バルセロナのメインストリート、ランブラス通り(筆者撮影)
バルセロナのメインストリート、ランブラス通り(筆者撮影)

 しかし、予想に反して両都市ともチケットは完売。約2千席のホールは満員だった。聴衆の女性たちの服装も、真っ赤なスーツや黒の凝ったレースのカクテルドレスなど、贅をこらしたものが目立つ。最近では各国ともオペラやコンサートでのドレスコードが緩やかになり、アングロサクソン系の国々ではジーンズでも大丈夫だが、ここスペインやイタリアなどラテン系の国々は、女性がここぞ、とばかりお洒落をする傾向がある。  チケットの料金は割引によっても違ってくるが、およそ4ユーロから30ユーロ。

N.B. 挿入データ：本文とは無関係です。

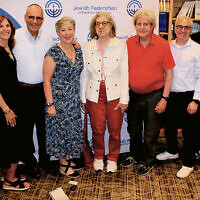 From left: the federation’s CEO, Jason Shames, with its past presidents — Jayne Petak, Zvi Marans, Roberta Abrams, Eva Lynn Gans, Ron Rosenzweig, Dan Shlufman, and Daniel Herz. Andrew Kent, right, is the new president. From left: the federation’s CEO, Jason Shames, with its past presidents — Jayne Petak, Zvi Marans, Roberta Abrams, Eva Lynn Gans, Ron Rosenzweig, Dan Shlufman, and Daniel Herz. Andrew Kent, right, is the new president.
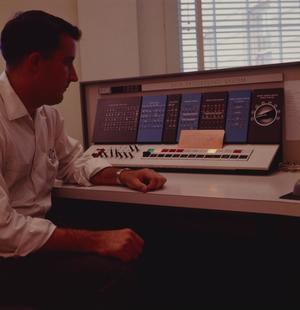 [Man sitting in front of an IBM 1620, 5]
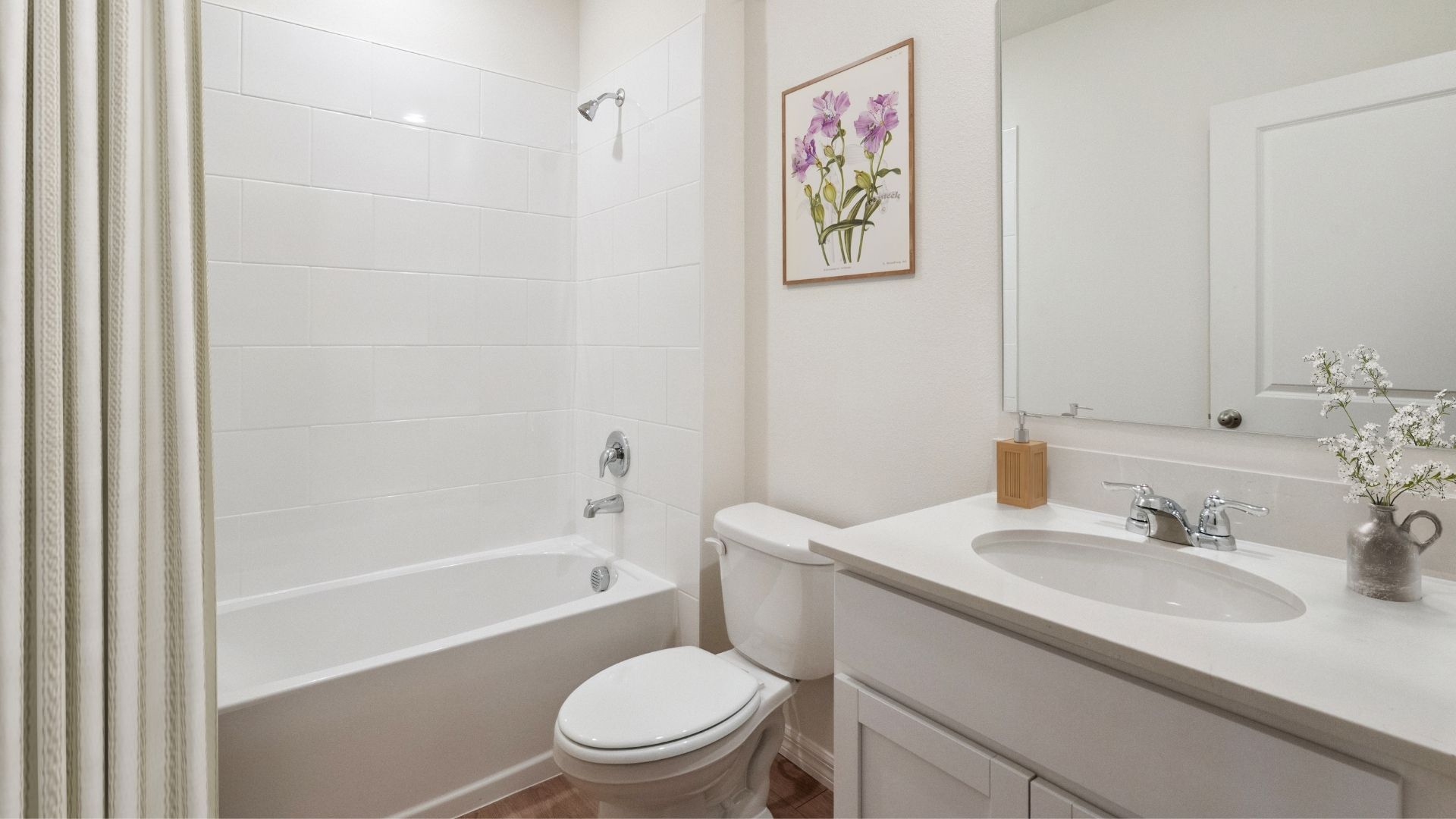 Modern bathroom with double vanity, large wall mirror, cabinets and quartz countertops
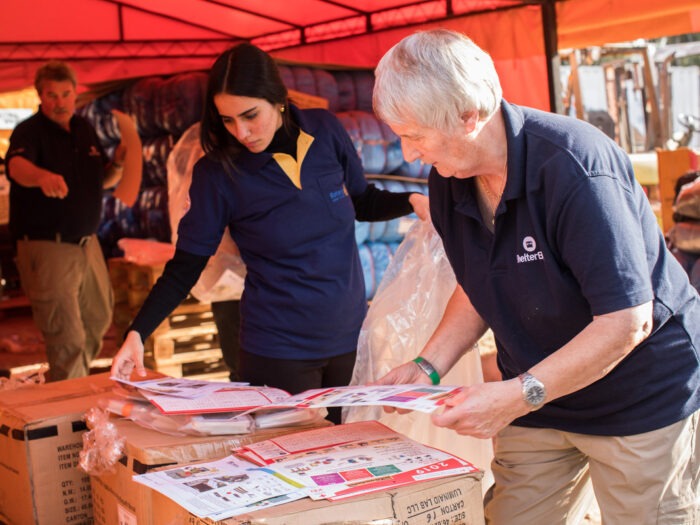 People packing aid in Paraguay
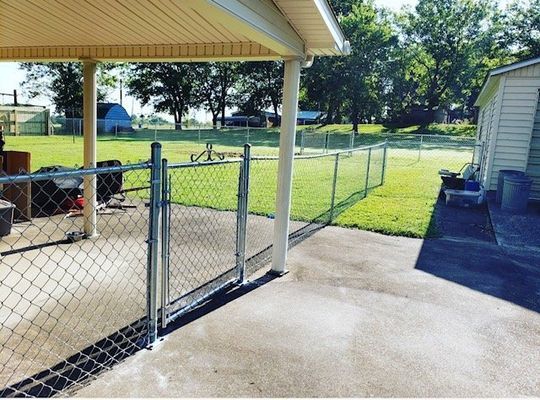 A chain link fence surrounds a patio with a white house in the background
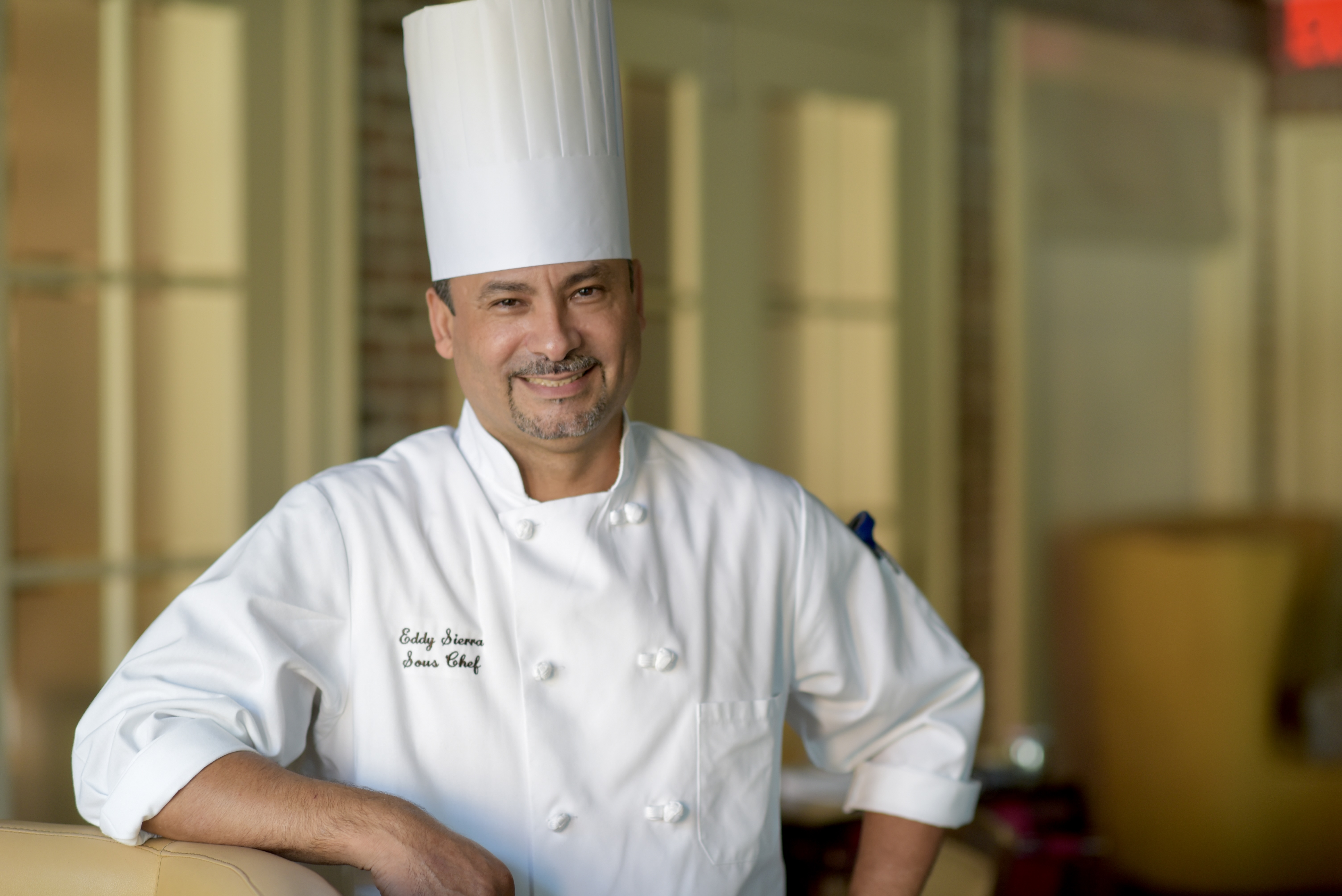 a man standing in a kitchen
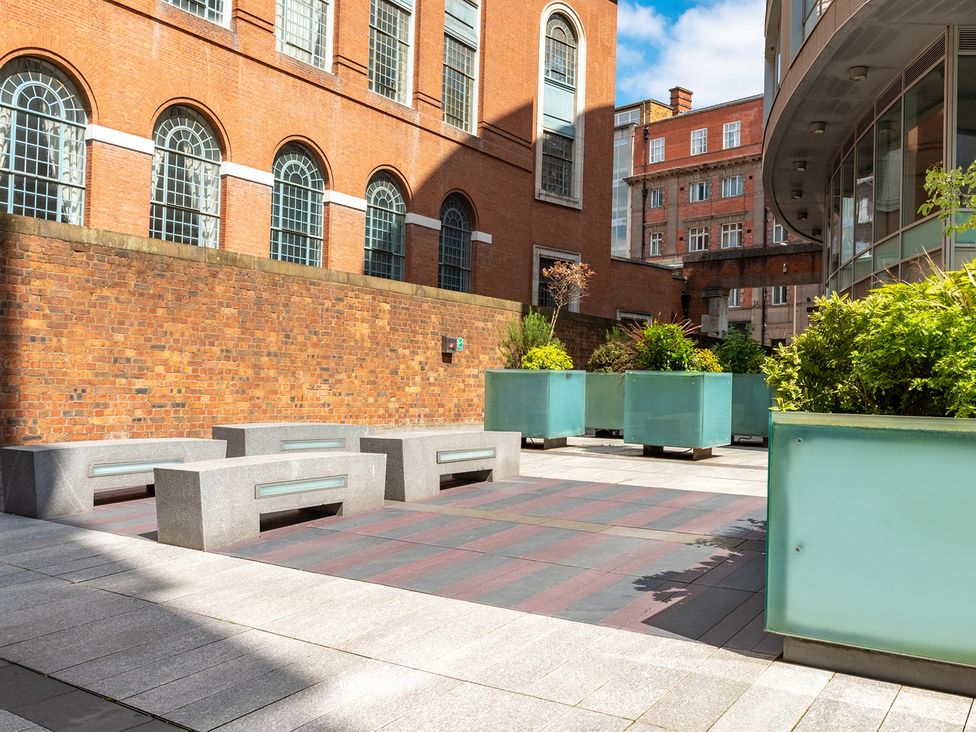 An outdoor area with benches and planters at Luxury City Centre Apartment, Prime Location, Liverpool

この額の支出を厭わないのが、ある程度裕福な階層だと仮定しても、マドリッドもバルセロナも一見、活気に満ちあふれている。バル(居酒屋)は、タパスと呼ばれる魚介や野菜の小皿のつまみで、一杯ひっかける地元の人々で賑わっているし、レストランは大家族で食事する家族で満席だ。15世紀末に国土をムスリム勢力から奪回して以来、まるで「踏み絵」のように食生活に定着した、イスラム教にとって禁忌とされる「子豚の丸焼き」が、名産地・リオハ地方の赤ワインやパエリアとともに、テーブルに所狭しと並んでいる。市民が通う市場には新鮮な魚介、肉、野菜が溢れ、物価が高騰したとはいえ、北のヨーロッパ諸国に比べれば破格の安さだ。晴れ渡った空の下でシエスタ(昼寝)のゆっくりしたライフスタイルを過ごす人々を見ていると、デフォルトの危機など遠い世界のことのような錯覚に襲われる。